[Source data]
▬▬▬

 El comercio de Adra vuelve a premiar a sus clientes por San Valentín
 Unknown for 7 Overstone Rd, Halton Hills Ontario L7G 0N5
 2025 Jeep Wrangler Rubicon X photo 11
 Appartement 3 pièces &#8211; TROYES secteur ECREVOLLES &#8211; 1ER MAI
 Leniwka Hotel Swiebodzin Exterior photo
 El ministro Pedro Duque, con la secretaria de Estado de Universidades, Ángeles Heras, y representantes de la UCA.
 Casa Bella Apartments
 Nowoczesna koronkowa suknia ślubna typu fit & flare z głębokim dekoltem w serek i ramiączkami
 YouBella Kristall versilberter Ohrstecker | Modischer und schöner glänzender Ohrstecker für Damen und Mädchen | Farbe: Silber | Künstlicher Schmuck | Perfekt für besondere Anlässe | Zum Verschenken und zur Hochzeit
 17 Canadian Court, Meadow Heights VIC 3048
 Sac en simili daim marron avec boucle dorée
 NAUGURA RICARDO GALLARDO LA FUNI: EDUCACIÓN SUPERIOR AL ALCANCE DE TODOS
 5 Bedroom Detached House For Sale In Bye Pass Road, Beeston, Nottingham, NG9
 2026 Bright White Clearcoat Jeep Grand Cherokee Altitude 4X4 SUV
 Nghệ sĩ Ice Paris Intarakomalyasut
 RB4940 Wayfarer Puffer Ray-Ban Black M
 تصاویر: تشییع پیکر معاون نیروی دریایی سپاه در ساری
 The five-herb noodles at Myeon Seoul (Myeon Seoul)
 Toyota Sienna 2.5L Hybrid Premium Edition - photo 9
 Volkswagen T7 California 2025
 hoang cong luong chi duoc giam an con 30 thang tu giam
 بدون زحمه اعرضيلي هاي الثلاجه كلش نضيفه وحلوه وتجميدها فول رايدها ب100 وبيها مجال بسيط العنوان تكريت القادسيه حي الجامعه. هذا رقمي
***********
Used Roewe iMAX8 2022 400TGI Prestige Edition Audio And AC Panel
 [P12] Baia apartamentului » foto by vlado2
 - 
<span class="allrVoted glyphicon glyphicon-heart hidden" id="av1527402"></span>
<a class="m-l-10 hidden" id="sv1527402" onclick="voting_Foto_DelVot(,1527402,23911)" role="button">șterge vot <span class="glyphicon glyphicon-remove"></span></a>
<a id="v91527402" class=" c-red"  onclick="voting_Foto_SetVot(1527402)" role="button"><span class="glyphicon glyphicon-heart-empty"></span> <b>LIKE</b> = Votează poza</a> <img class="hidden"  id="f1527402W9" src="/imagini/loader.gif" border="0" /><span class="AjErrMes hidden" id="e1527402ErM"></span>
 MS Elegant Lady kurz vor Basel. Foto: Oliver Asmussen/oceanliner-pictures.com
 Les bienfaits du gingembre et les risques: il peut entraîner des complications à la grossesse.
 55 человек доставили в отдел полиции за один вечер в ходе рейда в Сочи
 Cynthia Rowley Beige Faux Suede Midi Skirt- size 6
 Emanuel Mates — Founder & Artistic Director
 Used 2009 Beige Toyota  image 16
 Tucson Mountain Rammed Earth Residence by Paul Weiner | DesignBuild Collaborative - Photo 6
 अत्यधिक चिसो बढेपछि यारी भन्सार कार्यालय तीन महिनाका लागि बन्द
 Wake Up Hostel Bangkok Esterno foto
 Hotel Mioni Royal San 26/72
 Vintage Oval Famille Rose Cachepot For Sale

▬▬▬

# Work to complete
Copy the stretch of the records above that runs from the line with "MS Elegant Lady" through the line with "Cynthia Rowley Beige". Both end lines belong in the copy, and nothing else does.

# Solution to this exercise
 MS Elegant Lady kurz vor Basel. Foto: Oliver Asmussen/oceanliner-pictures.com
 Les bienfaits du gingembre et les risques: il peut entraîner des complications à la grossesse.
 55 человек доставили в отдел полиции за один вечер в ходе рейда в Сочи
 Cynthia Rowley Beige Faux Suede Midi Skirt- size 6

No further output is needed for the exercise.